Plastic Surgery after Massive Weight Loss

This posting is in response to a request to comment on cosmetic surgery for excess skin in the abdomen and other places, after weight loss surgery.

Body contouring, body lift, body shaping or body reshaping are alternative terms used to describe a group of plastic surgery procedures performed after massive weight loss, to manage hanging excess skin. Patients have to have reached a stable plateau weight before any such plastic surgery procedures. The person should have lost at least 100 pounds or achieved the target or maximum weight loss, had a stable weight for a good length of time after the weight loss surgery, and be in good health and not planning on becoming pregnant. Good candidates for a body lift should also have no medical problems that prevent them from going under general anesthesia for major surgery, and should not smoke. Smoking decreases blood flow to the tissues and, therefore, may slow healing.

Plastic surgery procedures after weight loss surgery include the following:

1. Panniculectomy: This is excising the "pannus", which is the excess hanging skin that is present below the belly-button.

2. Abdominoplasty (Tummy Tuck): Includes dissection and preservation of the umbilicus itself, and a more extensive skin mobilization and more aggressive skin removal than panniculectomy.

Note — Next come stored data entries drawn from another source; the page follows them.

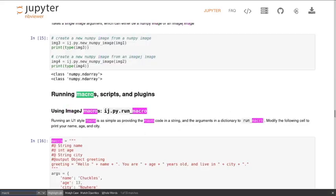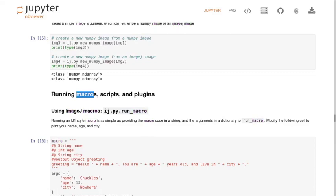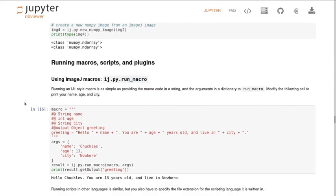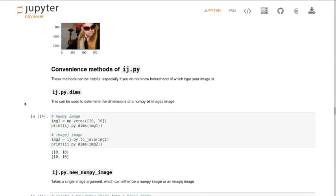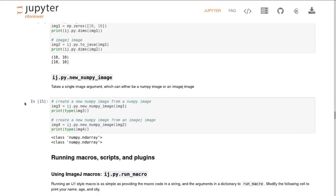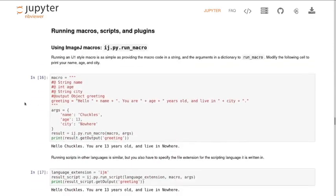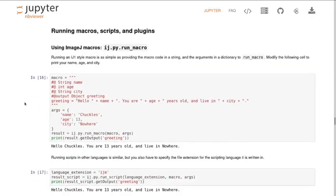There's a bit in the middle before you can send it to that ImageJ plugin where you're going to convert your Python data into ImageJ data, and then afterwards you're going to convert your Java or ImageJ data back into Python data to carry on. When you're in kind of ImageJ mode, once you've sent your data to ImageJ in a Java mode, there's a whole range of things you can do.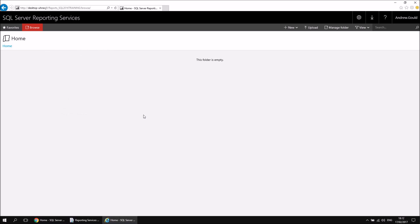There we go — I'm now pointing to the homepage of my SQL Server Reporting Services web portal. Obviously there's nothing much to view here at this point because we haven't yet deployed any reports.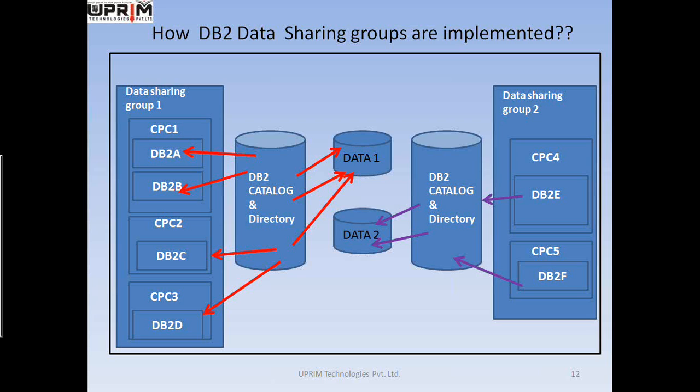We have data sharing group one and data sharing group two, shown on the left and right hand side of your screen. The members of each group can reside on the same CPC or on different CPCs — it's not mandatory that both would be on the same CPC. Each DB2 subsystem can be a member of a single data sharing group.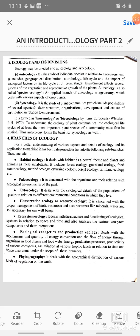Then paleoecology, which is concerned with organisms and their relation with geological environments of the past. Cytoecology deals with the cytological details of populations of species in relation to different environmental conditions in which they live. Conservation ecology, or resource ecology, is concerned with the proper management of biotic resources and also resources like minerals, water and soil necessary for our well-being.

A complete abdominoplasty also includes tightening of the abdominal wall muscles. Abdominoplasty and incisional hernia repair can be combined into a single procedure.

3. Arm lift or brachioplasty.

4. Breast lift or mastopexy.

5. Lower body lift is a combination of an abdominoplasty, plus a thigh and buttock lift. It requires a large incision around the belt line to lift the lower body.

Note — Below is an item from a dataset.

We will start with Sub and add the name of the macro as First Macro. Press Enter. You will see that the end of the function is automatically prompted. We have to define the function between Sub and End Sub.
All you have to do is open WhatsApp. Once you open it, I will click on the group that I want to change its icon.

6. Liposuction uses small, narrow tubes to remove fat and is often used in combination with other lifting procedures to help achieve better contouring in various parts of the body.

Combining multiple "lifts" entails longer operative time, and more potential blood loss, but is very appealing to many patients, from the stand-point of time off work and out-of-pocket costs. Combined procedures are avoided if there is active smoking history or medical problems that make a longer operation a particularly risky undertaking.

Insurance coverage varies from carrier to carrier, and a carrier may have different plans with different provisions. Almost all insurance carriers specify that coverage of aesthetic (cosmetic) surgery is excluded. Definition of medical necessity, that is essential for coverage, is variable.

Possible complications after body-contouring surgery include seroma (collection of thin serous or serosnaguineous fluid), hematoma (collection of blood), wound separation (usually minor), swelling and scarring. All patients will have scars, and basically the surgery trades excess skin for scars. For a small number of patients, scars can be excessively thick or inflamed. Before going for body contouring surgery, any nutritional deficiencies (as protein malnutrition, anemia, loss of muscle mass, and osteopenia/osteoporsis) need to be addressed and corrected.

Body contouring is considered major surgery. The outcome of body shaping is generally extremely satisfying to patients. It may take several months to see the final results of the procedure.